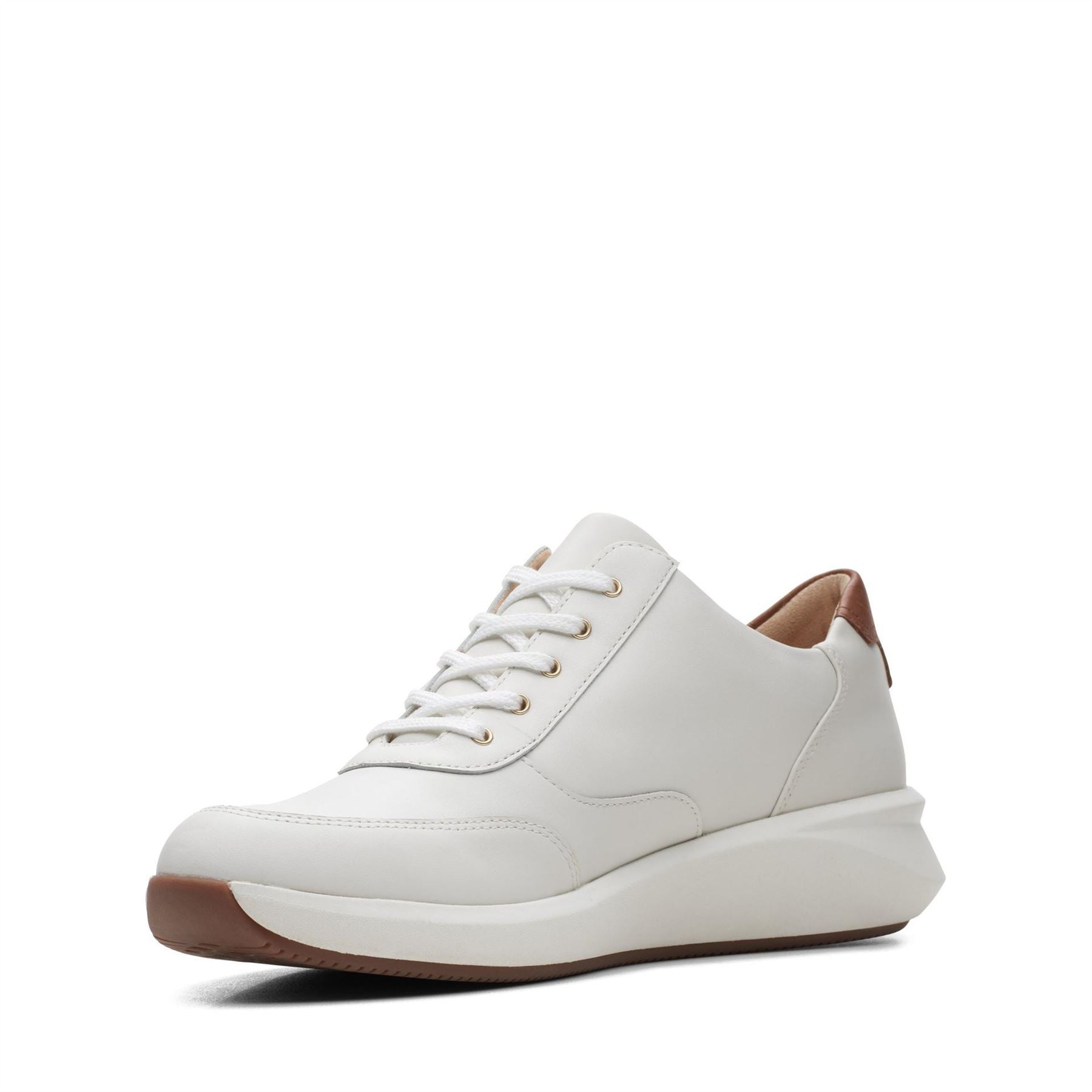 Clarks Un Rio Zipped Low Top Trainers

_ _ _ _ _ _ _

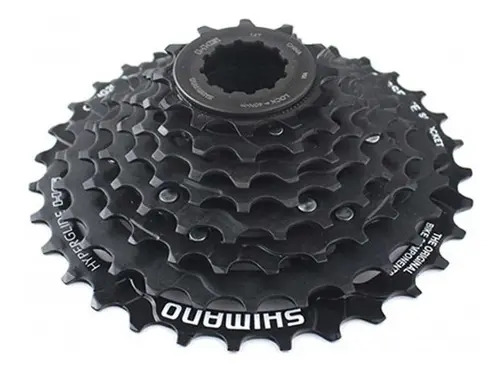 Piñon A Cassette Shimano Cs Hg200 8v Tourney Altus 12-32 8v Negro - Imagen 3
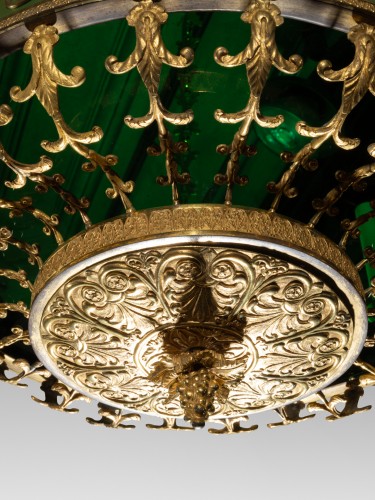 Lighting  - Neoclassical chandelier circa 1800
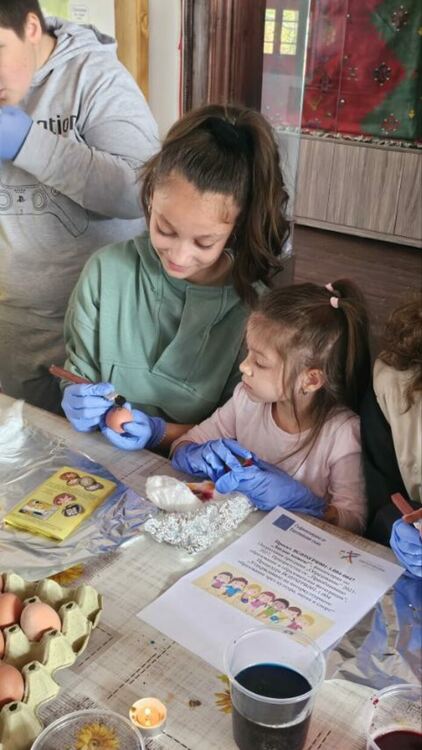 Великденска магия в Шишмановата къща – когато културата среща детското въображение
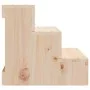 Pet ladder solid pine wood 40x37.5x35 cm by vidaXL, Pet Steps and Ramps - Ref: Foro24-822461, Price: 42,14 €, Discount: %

_ _ _ _ _ _ _

PROBLEM DESCRIPTION —
Starting with the line above that holds "Piñon A Cassette", restate each line word for word up to and including the line that holds "Великденска магия в". Drop the pictures.

EXPECTED ANSWER —
 Piñon A Cassette Shimano Cs Hg200 8v Tourney Altus 12-32 8v Negro - Imagen 3
 Lighting  - Neoclassical chandelier circa 1800
 Великденска магия в Шишмановата къща – когато културата среща детското въображение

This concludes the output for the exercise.